ROFL on the DJ part LOL....

Ah, Mike...I had a wonderful time reading your post; you are one funny character! I shall return :)!

Cheers

Mr. Grudge said...

Hi Paul,
"Have you come across many like this in your role as a police officer?

Oh yes! There are police officers who are rude as ever as they hide behind their "badge," if you will. When I worked with a rude cop, I always told them to knock it off and treat the public as you would have a fellow officer treat a member of their own family. In fact, much of the training we had centered around "courtesy, professionalism, and respect."

These are easy concepts to adhere to, and many cops do follow the guidelines, but the few who don't make an indelible impression on those they are rude to. I've always said that police are their own worst public relations representatives.
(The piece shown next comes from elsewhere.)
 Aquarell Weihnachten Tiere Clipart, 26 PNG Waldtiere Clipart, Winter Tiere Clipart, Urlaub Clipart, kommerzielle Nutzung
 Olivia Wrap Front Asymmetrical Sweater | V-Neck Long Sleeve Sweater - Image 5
I've written much of these types of conflcits in my novels which I am trying to get published.

By the way, I am very much interested in reading your new novel "The Snowing and Greening of Thomas Passmore. I'd like to buy it on Amazon; but, it is listed as currently unavailable on Amazon, US. However, I will be checking back soon. Thank you so much for reading, Paul. -Mike.

Mr. Grudge said...

Hi Elaine,

" ...I may be silent but I hope I would be forgiven on what's playing on my mind sometimes!
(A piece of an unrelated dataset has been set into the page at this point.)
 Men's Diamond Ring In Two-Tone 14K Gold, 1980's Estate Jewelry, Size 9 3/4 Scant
I think I may not be forgiven for what is on my mind sometimes! hehe. Thnaks so much for reading, Elaine. -Mike.

Mr. Grudge said...

Hi Max,
It is a pleasure to meet you. I think Peter is a terrific person, and I read his blog often.

Thank you for being the only person to laugh at my little game of "Spot the Old Bridesmaid Dress." I thought I was the only person whos would look at a woman and figure out that she wore that as a bridesmaid at another wedding. I am glad I was able to make you laugh. Let me warn you, though...I am not always funny. SSsshhh! Don't tell anyone, okay? I bookmarked your blog and I am already impressed by the depth of your writing. Your article "About Satan" is thought provoking and instructive. I look forward to reading much more of your work. welcome to my blog, and thank you for reading, Max.

Elaine said...

Hi Mike,
Guess I'm late reading this post but I must admit I enjoyed it tremendously and truly laughed out loud. You have such a talent for sharing your stories in ways that makes the reader feel right there along with you.
Thanks!

Jack Payne said...

Confessions of a Social Oaf. Delightful reading, indeed, Mike.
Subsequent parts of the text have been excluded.